== Assignment ==
Print, exactly as they stand, the lines below from the one that has "Bamboo woven antique" to the one that has "Nail Art Liner", inclusive, leaving out the pictures.

== Dataset records ==
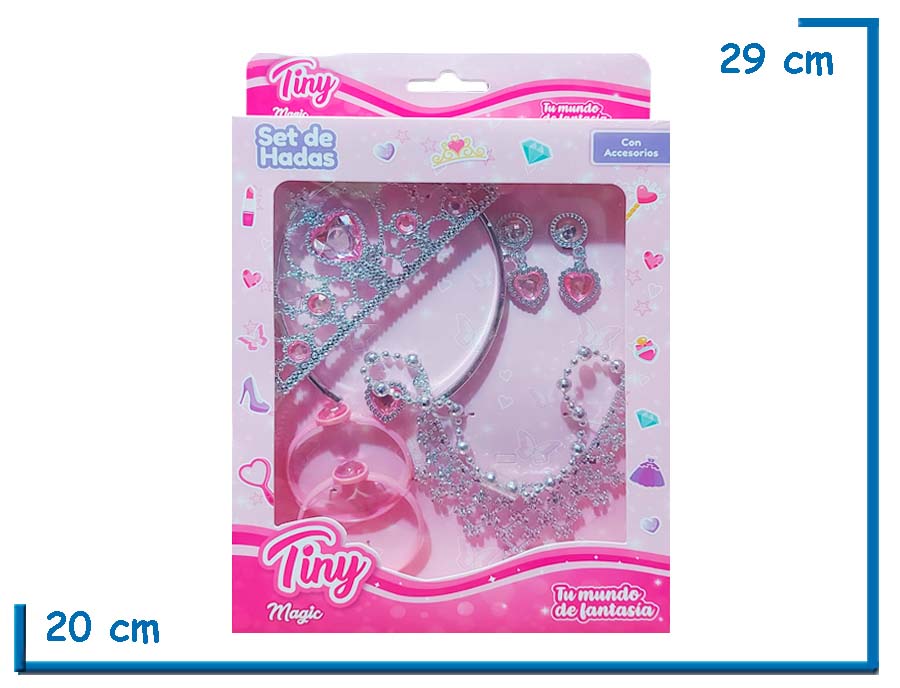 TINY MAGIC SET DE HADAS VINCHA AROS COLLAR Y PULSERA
==
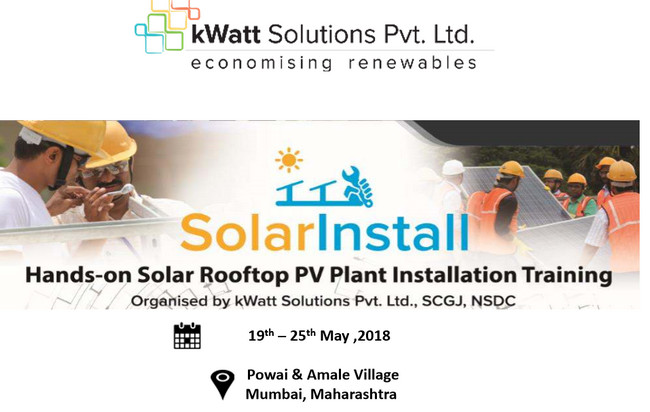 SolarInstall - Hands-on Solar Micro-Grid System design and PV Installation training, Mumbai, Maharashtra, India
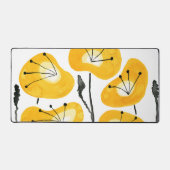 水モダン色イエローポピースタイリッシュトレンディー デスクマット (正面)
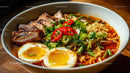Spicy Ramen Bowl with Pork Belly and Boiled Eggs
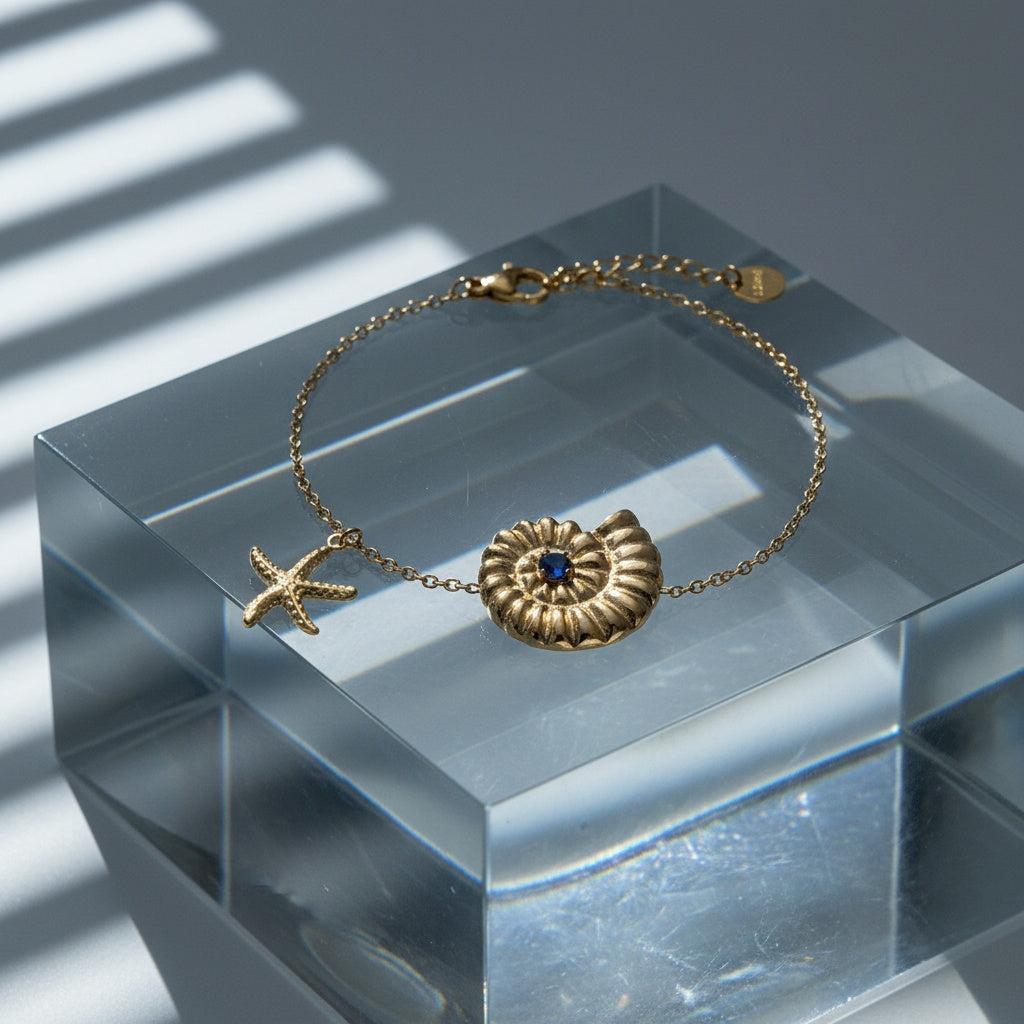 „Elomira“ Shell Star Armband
--
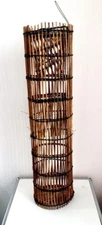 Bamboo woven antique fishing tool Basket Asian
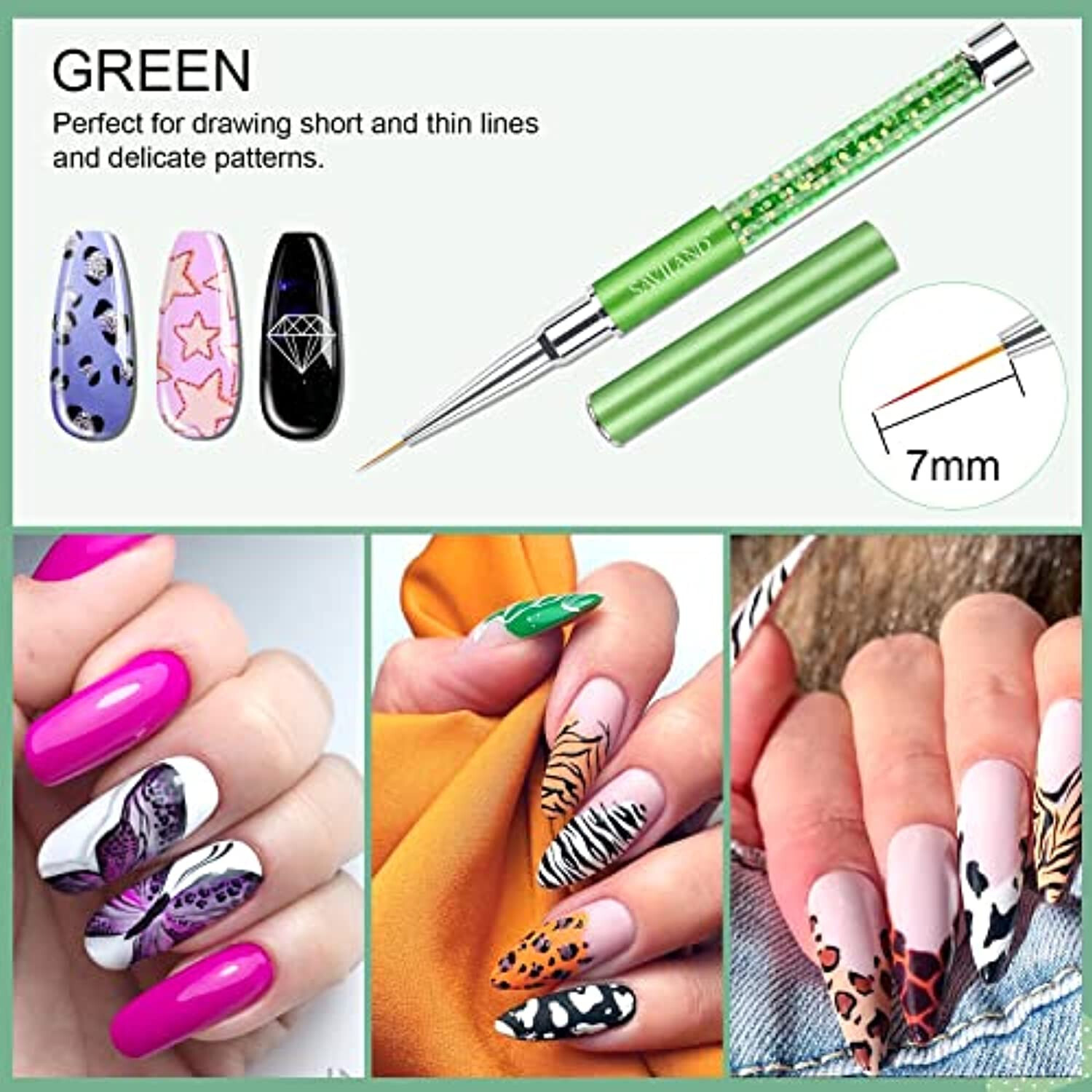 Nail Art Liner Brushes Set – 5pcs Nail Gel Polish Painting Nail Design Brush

== The completed task ==
 Bamboo woven antique fishing tool Basket Asian
 Nail Art Liner Brushes Set – 5pcs Nail Gel Polish Painting Nail Design Brush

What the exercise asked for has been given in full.